Since then they have struck upon a remarkably potent mix of locally grown talent, leading German players and the odd superstar import.

Blew away
Things came together rather memorably last April and May in the Champions League semi-finals when they simply blew away a Barcelona team regarded by some not so long before as the game’s best ever. The score over two legs was as astonishing 7-0.

The home-grown players, like Philipp Lahm, Thomas Müller and Bastian Schweinsteiger, have all come through the academy at Säbener Strasse, an impressive but compact facility in the suburbs of Munich where kids could be glimpsed training on adjoining pitches to the revered first team.

There are only five pitches plus some administrative offices, press and other facilities at the training ground and academy. The club’s historical attachment to the site, which is now surrounded by housing that makes expansion impossible, has apparently prevented a move to a new location out further from the city despite the fact that land was acquired for the purpose some years back.

As it is, Säbener Strasse is well known by locals, several hundred of whom turn up to seek autographs on the day we are there and during the school holidays up to 3,000 or so are allowed in to watch open training sessions. Few could argue with the success of the academy which is home to 11 teams and around 185 players, including a dozen or so from overseas who can be living on-site at any one time.

The likes of Götze, meanwhile, can be acquired from Bundesliga rivals who, even when they can afford to turn down the huge fees on offer as Borussia Dortmund have on a couple of occasions, still lose out due to a mix of Bayern’s allure and salary structure (Ribery is rumoured to be on €14 million a year).

On top of which, the team’s remarkable recent success combined with Guardiola’s arrival has made Munich all the more marketable to foreign stars weighing up where they might best make their best move to.

If it were all intended to instil a sense of supremacy in the players already there then there are times when the likes of Müller suggests they are succeeding and yet, for all the confidence that the team and everyone associated with it seems to exude, there is nothing like the sense of arrogance that seemed to dog the place during the tumultuous “FC Hollywood” days.

And while the success of the club itself obviously predictably inspires an ABB (Anything But Bayern) cohort there is a fair bit to admire about the German champions.

Its financial independence is, for a start, something for those rivals dependent on oligarchs or sheikhs or good old fashioned accumulated debt to marvel at and envy.
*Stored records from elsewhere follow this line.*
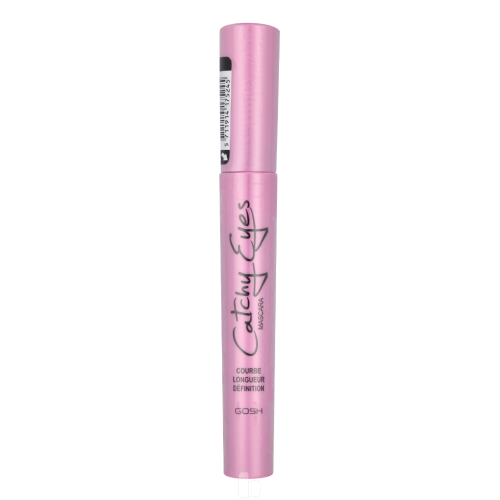 GOSH Gosh Catchy Eyes Mascara 8 ml
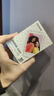富士（FUJIFILM） instax 拍立得 mini 相纸 相机花边相纸用于mini7+/7s/7c/8/9/11/12/40/90/EVO/liplay等型号 10张糖霜彩粒+mini相册+PV 实拍图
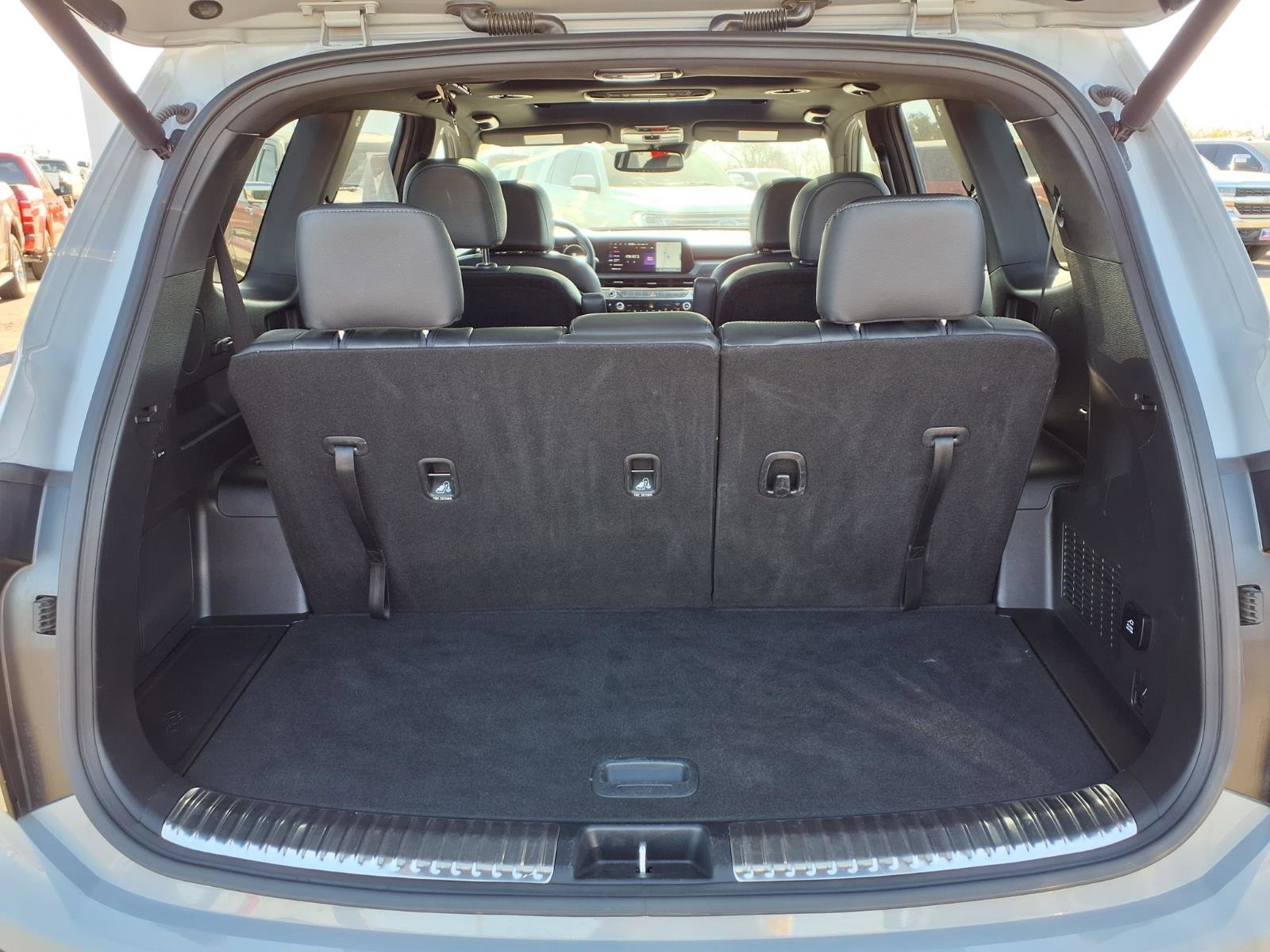 Used 2024 Kia Telluride SX X-Pro AWD/4WD image 12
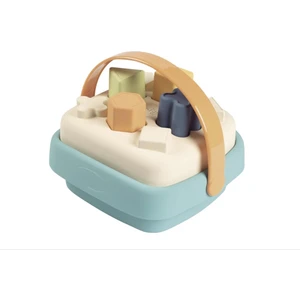 Little Smoby Çevredostu Bultak Şekil Oyunu 140604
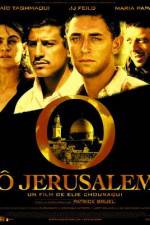 Watch O Jerusalem Movie4k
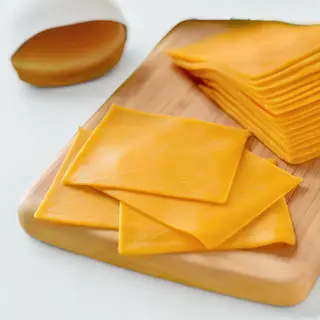 Fromage cheddar
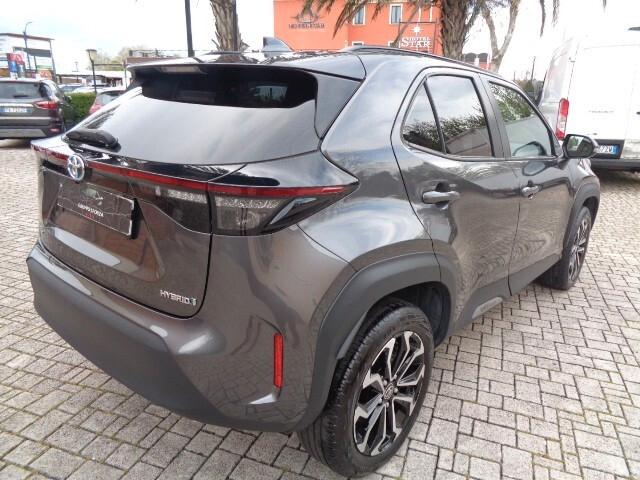 Toyota Yaris Cross 1.5 Hybrid 5p. E-CVT Trend SOLO 19.000 KM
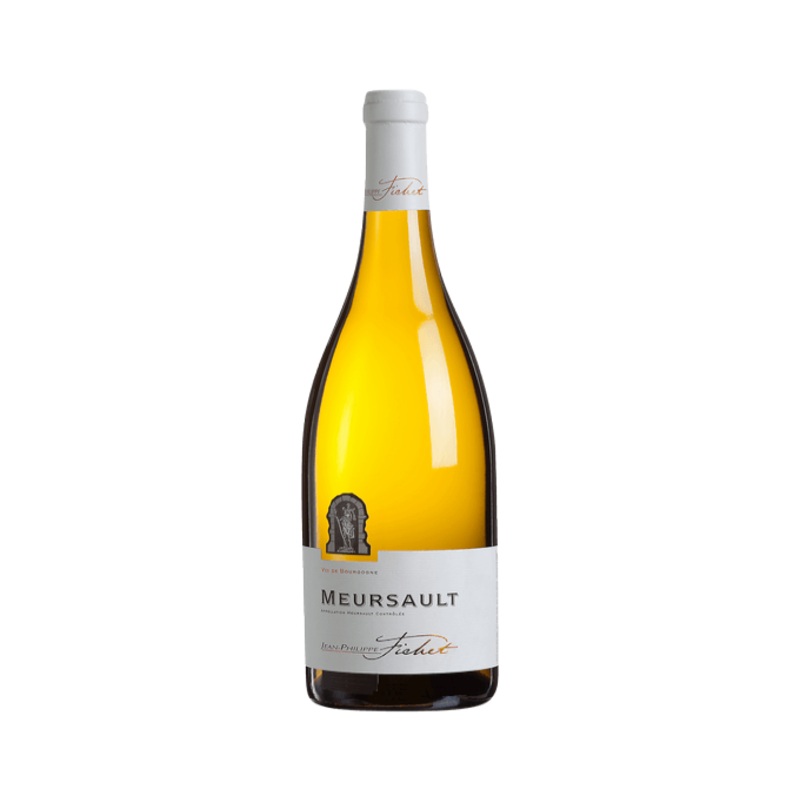 Jean Philippe Fichet Meursault 2019 375ml (No Barcode)
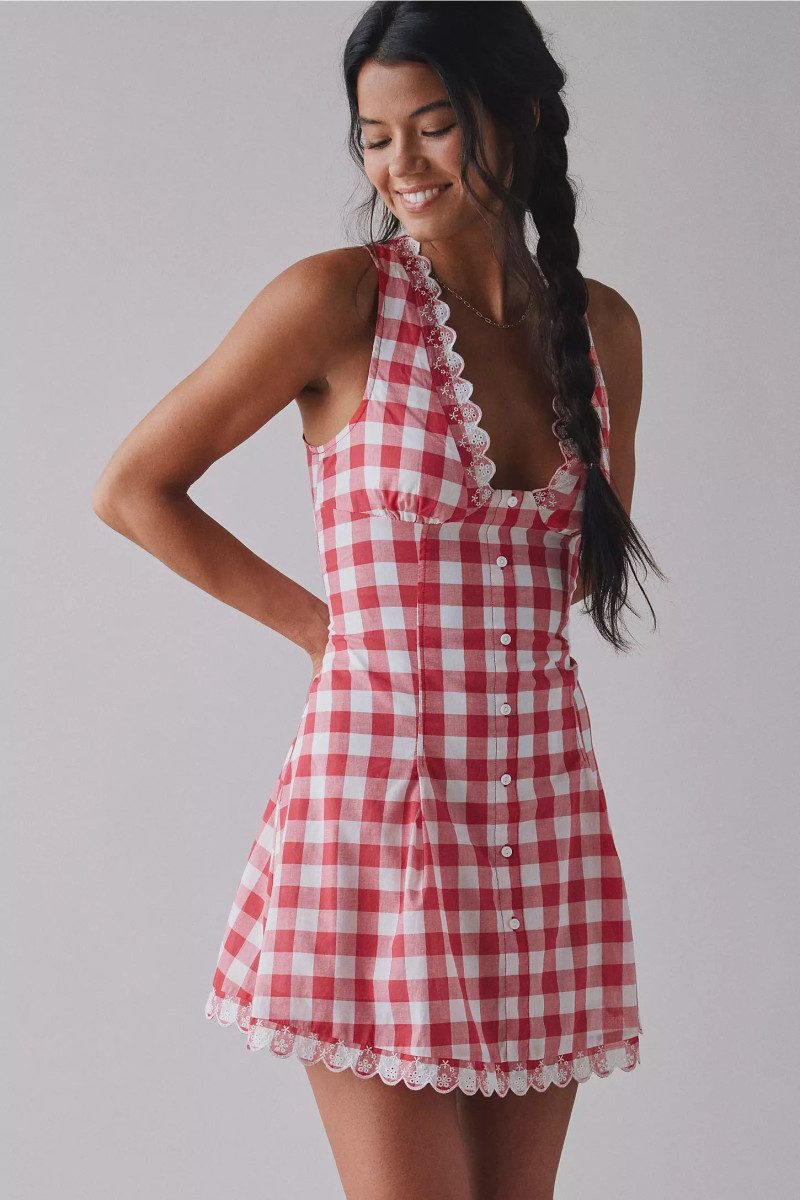 Urban Outfitters SS 2025 — Sydnee Haney #41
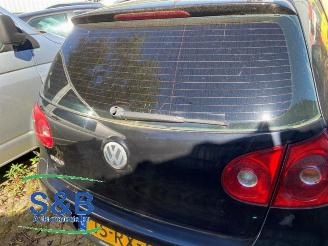 Volkswagen Golf Golf V (1K1), Hatchback, 2003 / 2010 1.4 16V picture 26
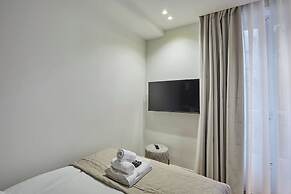 Sublime Air-conditioned Apartment Center of Paris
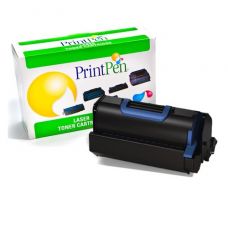 Printpen Oki C3100 Siyah Toner (42804577)
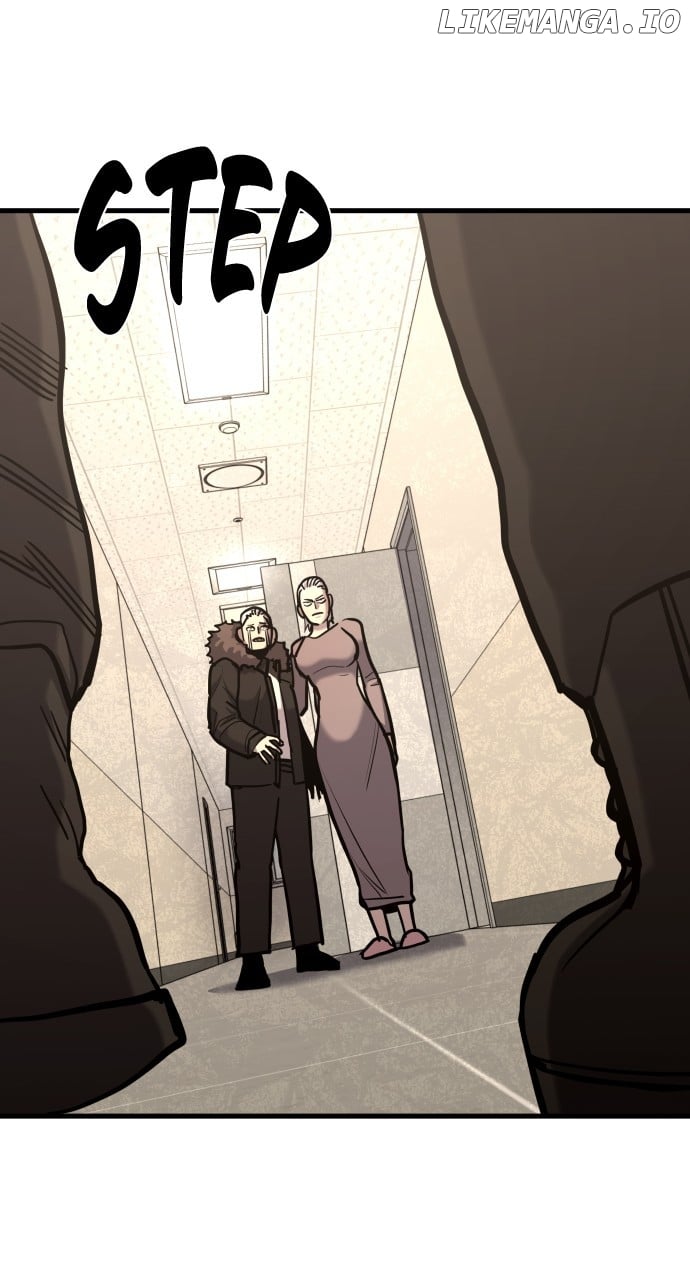 Read Justice Deserved ENGLISH Manga Online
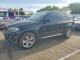 Bmw X5 2008 — Copart
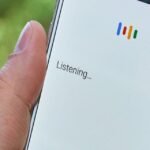 Atualização deixa você substituir 'OK, Google' por 'Hey, Google' no Android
And its history is a proud one too. Bayern wasn’t born with a silver spoon in its collective sporting mouth. The club lost out to rivals several times when big decisions had to be made with TSV 1860 Munich, for instance, admitted to the Bundesliga before it. It suffered too in the early days of the Nazi regime when it was known as a club with Jewish links.

The club has shown considerable generosity to rivals at key times too, bailing out 1860 more than once and even helping to save arch modern-day rivals Dortmund barely a decade ago with an unsecured €2 million loan when last season’s beaten Champions League finalists couldn’t pay wage bills.

So Bayern are entitled to their day in the sun.

The challenge now, as Alex Ferguson might put it, is for somebody else to knock them off their perch just they have done, for the moment at least, to Barcelona.